More recently Prof. Clifford Stott’s studies in the U.K. have supported that kind of police response. I wrote in “Arrested Development“:
“One of the primary reasons I survived in Madison was that the new (soft) crowd control measures I brought in worked. During the next 20 years, we never lost control of a crowd, and that included hundreds of protests and demonstrations at the state Capitol building, on the campus of the university, strikes by state workers, teaching assistants at the university, and local meatpackers.[1] The method we used has recently been called The Madison Method by police officers outside of the city.[2]
“This method is just as noteworthy today because [public protest movements] and the varieties of police response we have seen. What is it we should expect police to do in these situations? What is the role of the community and elected officials? Are the police to be mere instruments in the arm of government, or not?
“All things aside, how police handle public protest in our nation is one of the most noteworthy measures of the quality of a department’s policing. When police do this well and without violence they move from good to great…
“Now fast-forward to the present day. The British Home Office has been concerned about the behavior of their passionate football (soccer) crowds; a thousand people in the street and the confrontations that frequently occur between those crowds and police. Commendably, the British consulted academia for some help and found Dr. Clifford Stott, a social psychologist who studied crowd behavior.
“Stott is one of Europe’s leading researchers regarding crowd behavior. But he advocates a different approach for police to use when handling crowds. His studies found that:
[L]arge-scale disorder tended to emerge and escalate because indiscriminate, heavy-handed policing generated a group mentality among large numbers of fans that was based on shared perceptions that the police action was illegitimate. This had the effect of drawing ordinary fans into conflict with the police.[3]
“When a crowd perceives the police as overreacting or being heavy-handed, its members have a tendency to stop observing and start taking action. It is exactly what I had experienced early in my observational studies in Berkeley and Minneapolis. To prevent this from happening, Stott advocates what he calls a ‘softly-softly’ approach—a low-key approach in which officers mix with and relate to crowd members on the basis of their behavior, rather than their reputation.

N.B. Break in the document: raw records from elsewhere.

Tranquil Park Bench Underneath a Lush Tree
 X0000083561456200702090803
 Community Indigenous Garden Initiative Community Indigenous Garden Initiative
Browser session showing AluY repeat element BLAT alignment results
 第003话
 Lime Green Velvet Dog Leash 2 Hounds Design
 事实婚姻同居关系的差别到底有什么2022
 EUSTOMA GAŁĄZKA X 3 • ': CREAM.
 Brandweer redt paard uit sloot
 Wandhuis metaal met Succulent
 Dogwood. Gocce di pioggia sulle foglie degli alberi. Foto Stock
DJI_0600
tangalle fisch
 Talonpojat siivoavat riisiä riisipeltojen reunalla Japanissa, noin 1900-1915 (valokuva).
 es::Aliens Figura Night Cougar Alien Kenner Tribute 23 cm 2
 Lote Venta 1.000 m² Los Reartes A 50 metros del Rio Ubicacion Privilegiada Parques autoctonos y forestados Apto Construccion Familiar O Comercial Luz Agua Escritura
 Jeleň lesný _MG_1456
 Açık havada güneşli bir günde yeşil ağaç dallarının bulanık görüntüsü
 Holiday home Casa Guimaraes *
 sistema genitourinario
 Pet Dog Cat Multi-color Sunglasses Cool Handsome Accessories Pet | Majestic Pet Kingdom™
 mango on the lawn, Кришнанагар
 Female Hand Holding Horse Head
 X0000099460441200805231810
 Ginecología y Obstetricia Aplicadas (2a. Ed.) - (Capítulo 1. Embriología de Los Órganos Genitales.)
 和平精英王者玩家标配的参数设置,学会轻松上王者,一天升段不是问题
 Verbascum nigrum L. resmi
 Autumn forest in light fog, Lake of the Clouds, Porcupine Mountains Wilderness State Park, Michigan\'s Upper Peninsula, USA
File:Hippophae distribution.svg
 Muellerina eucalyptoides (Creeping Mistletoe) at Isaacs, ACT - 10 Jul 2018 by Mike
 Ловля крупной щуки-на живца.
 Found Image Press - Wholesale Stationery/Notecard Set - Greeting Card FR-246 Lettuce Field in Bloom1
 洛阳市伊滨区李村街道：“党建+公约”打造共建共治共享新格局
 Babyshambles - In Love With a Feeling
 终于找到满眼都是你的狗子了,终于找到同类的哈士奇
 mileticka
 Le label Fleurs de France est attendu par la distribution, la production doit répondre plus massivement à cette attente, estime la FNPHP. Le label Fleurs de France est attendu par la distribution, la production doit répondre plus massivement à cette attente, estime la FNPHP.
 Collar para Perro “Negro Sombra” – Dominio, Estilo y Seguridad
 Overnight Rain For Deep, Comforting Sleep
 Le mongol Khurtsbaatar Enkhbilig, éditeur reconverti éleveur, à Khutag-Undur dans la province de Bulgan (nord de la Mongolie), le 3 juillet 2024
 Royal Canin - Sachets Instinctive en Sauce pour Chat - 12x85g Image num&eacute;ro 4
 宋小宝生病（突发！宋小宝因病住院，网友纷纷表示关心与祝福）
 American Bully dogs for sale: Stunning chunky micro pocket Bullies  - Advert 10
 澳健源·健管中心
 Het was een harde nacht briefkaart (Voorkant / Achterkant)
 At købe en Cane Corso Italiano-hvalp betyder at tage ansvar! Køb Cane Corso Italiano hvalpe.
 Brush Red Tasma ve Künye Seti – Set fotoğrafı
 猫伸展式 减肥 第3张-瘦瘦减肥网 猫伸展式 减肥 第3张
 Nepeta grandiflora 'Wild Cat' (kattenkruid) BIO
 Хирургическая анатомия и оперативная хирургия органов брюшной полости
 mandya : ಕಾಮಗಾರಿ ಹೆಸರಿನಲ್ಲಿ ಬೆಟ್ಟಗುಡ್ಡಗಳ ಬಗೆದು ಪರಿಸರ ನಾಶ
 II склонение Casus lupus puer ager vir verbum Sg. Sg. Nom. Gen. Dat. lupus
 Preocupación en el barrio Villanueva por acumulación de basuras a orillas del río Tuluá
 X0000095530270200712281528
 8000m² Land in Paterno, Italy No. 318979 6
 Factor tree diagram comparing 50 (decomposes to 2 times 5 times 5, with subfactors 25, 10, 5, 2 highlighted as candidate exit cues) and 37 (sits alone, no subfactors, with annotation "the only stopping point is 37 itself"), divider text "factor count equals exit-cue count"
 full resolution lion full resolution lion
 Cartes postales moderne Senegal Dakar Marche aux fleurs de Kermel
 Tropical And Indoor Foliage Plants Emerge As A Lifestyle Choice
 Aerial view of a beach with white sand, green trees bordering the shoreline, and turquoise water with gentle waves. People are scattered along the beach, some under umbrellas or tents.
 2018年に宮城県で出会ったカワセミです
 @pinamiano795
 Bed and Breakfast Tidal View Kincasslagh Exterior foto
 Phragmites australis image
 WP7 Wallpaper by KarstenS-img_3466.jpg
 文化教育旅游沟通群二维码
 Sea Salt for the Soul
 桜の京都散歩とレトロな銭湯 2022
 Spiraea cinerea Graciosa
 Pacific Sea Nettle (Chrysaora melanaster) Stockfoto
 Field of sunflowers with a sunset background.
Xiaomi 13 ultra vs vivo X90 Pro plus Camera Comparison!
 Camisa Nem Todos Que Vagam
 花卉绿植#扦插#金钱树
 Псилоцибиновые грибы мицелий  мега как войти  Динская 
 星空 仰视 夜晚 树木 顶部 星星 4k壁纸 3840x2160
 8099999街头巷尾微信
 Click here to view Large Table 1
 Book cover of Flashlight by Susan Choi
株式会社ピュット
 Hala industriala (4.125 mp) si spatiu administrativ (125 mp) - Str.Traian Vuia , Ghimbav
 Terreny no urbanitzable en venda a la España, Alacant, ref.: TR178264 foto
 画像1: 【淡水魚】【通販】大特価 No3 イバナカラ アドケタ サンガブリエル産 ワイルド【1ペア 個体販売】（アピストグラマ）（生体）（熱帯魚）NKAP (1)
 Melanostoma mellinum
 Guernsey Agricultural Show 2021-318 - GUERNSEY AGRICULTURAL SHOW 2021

“If police approach a crowd with the expectation that its members are going to make trouble, it often turns out that way. Even so, most police around the world have continued to use the traditional hard methods of the past when responding to crowds.[4] For the most part today, communicating, relating, or dialoguing with people who are protesting isn’t what police do. The soft approach is precisely what I developed and used years before during my time in Madison. It worked then and, as Stott suggests, it works now.”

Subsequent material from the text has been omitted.